Not only is this ironic, it’s the height of absurdity.  This epitomizes how the ultra-right wing of the GOP is absolutely out of their minds.

TPMMuckraker

Rep. Joe Walsh (R-IL), whose ex-wife says he owes $117,437 in back child support, was honored by the Family Research Council Action on Thursday for his “unwavering support of the family,” the Chicago Sun-Times reports.

“We thank Cong. Walsh who has voted consistently to defend faith, family and freedom,” FRCA President Tony Perkins said. “Cong. Walsh and other ‘True Blue Members’ have voted to repeal Obamacare, de-fund Planned Parenthood, end government funding for abortion within the health care law, uphold the Defense of Marriage Act, and continue support for school choice. I applaud their commitment to uphold the institutions of marriage and family.”

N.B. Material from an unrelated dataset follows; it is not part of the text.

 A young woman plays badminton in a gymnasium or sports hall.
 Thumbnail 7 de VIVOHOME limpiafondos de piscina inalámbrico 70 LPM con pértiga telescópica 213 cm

“I am proud and honored to be recognized by the Family Research Council as the only member from Illinois with a 100 percent pro-family voting record,” Walsh said in a statement. “Defending American values have always been one of my top priorities, and this reward reaffirms my dedication to that fight.”

Walsh claims he had a “verbal” agreement with his ex-wife not to pay the money because, according to his attorney, “Joe and his former wife were both tired of court appearances and the resulting emotional and financial impact on the family. Neither party had the financial or emotional wherewithal to continue the battle.”